WHAT THE TASK REQUIRES:
Report, as a bare number, how many lines of the entries below contain "Lamp".

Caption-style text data
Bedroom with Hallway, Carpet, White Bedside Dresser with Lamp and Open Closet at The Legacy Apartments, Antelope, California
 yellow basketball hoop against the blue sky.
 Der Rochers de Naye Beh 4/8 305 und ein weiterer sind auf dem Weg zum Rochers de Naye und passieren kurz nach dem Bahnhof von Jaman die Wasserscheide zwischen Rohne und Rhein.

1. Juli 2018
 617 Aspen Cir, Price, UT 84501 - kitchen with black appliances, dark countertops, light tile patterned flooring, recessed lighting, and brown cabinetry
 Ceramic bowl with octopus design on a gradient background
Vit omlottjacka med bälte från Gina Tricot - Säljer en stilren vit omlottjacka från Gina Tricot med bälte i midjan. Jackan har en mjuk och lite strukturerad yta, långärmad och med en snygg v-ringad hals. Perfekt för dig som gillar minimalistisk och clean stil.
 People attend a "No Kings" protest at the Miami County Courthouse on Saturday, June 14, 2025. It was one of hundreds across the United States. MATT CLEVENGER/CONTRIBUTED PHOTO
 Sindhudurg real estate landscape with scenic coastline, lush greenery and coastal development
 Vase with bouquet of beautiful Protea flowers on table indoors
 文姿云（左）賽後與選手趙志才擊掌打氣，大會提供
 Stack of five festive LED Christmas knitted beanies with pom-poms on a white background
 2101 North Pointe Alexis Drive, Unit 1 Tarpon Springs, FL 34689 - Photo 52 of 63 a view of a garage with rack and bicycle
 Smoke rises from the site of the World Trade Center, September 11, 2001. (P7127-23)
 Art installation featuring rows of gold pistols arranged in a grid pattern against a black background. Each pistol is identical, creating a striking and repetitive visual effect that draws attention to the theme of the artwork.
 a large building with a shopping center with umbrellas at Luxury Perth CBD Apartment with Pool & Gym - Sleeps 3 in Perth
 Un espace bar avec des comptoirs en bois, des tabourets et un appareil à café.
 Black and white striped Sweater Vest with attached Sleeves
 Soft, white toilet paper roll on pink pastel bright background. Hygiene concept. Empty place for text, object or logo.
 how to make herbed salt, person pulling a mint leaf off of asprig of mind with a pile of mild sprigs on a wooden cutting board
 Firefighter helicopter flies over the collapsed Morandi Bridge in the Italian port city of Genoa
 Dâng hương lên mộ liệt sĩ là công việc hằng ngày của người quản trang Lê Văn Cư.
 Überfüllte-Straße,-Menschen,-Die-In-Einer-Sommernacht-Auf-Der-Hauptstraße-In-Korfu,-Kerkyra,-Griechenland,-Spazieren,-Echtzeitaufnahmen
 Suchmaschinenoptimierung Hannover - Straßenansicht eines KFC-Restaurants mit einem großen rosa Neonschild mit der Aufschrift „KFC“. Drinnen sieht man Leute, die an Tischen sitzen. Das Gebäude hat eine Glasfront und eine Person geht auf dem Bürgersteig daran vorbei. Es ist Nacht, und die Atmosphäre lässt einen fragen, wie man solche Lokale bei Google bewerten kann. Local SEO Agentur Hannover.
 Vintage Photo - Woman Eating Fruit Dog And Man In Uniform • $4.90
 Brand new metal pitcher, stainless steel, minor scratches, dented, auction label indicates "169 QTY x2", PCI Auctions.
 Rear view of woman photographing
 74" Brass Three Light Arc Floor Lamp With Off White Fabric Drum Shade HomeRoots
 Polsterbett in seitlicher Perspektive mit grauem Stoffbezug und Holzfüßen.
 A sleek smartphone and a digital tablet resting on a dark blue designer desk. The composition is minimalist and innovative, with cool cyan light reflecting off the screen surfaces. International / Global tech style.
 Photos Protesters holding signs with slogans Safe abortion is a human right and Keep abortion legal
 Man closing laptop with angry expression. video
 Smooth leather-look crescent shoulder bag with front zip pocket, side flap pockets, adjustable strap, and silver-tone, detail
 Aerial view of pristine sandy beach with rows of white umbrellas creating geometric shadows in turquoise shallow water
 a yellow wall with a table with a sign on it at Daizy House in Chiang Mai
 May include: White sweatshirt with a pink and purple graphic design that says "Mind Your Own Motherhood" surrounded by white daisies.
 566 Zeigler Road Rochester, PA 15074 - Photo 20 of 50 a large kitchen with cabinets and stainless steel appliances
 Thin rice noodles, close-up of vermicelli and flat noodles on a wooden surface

RESPONSE AREA:
2